I can also interact with the same session, at the same time, from VS Code, the TUI, or the API. Different modalities are ideal for different tasks (e.g. VS Code multi-diff for code review / edits; TUI for session management / cleanup).
You...do have all the same abstraction layers, right? No? Oh. Well, don't worry, Google/Amazon/Microsoft can sell you those if you don't want to pay your IT staff to prop it up for you.
---
Look, snark aside, yours is the correct take. Google's solutions are amazing, but they're also built for an organization as large and complex as Google. Time will tell if this is an industry-standard abstraction (a la S3 APIs) or just a Google product for Google-like orgs/functions (a la K8s).
One that I retired was used for serving ftp(among other transfer stuff), ftp of all things, it needs to have ports open and routed back from the client. And for extra points they had the pods capped at 1 cpu. And I had to explain the thing to the perpetrator and their boss, madness.
It must have been a while ago - FTP was practically killed the moment browsers stopped supporting it.
I have no love for the original bash scripts that booted the cluster from your dev machine.
Now we also have k3s that is a easy option for self hosting something simple (like homelab).
I would place Google ADK in alignment with Kubernetes more than this project, for the well designed abstractions, the controlplane, and handling the boring parts that every alternative will at maturity.
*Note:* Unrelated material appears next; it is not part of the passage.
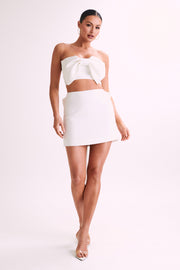 Jana Bow Mini Skirt - White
I can see the agent framework ignorance to the container analogy about what's running inside. ADK lacks the ability to run any agent tool, but you can build most of this projects controlplane on top of it with minimal effort, most of the bookkeeping is there already. It's more about what experience you want to have.
If someone wants production K8s, I'm steering them (and their budget) to a managed control plane from one of the major cloud providers. Trying to prop it up locally when it really hates having to work directly with bare metal does not spark joy.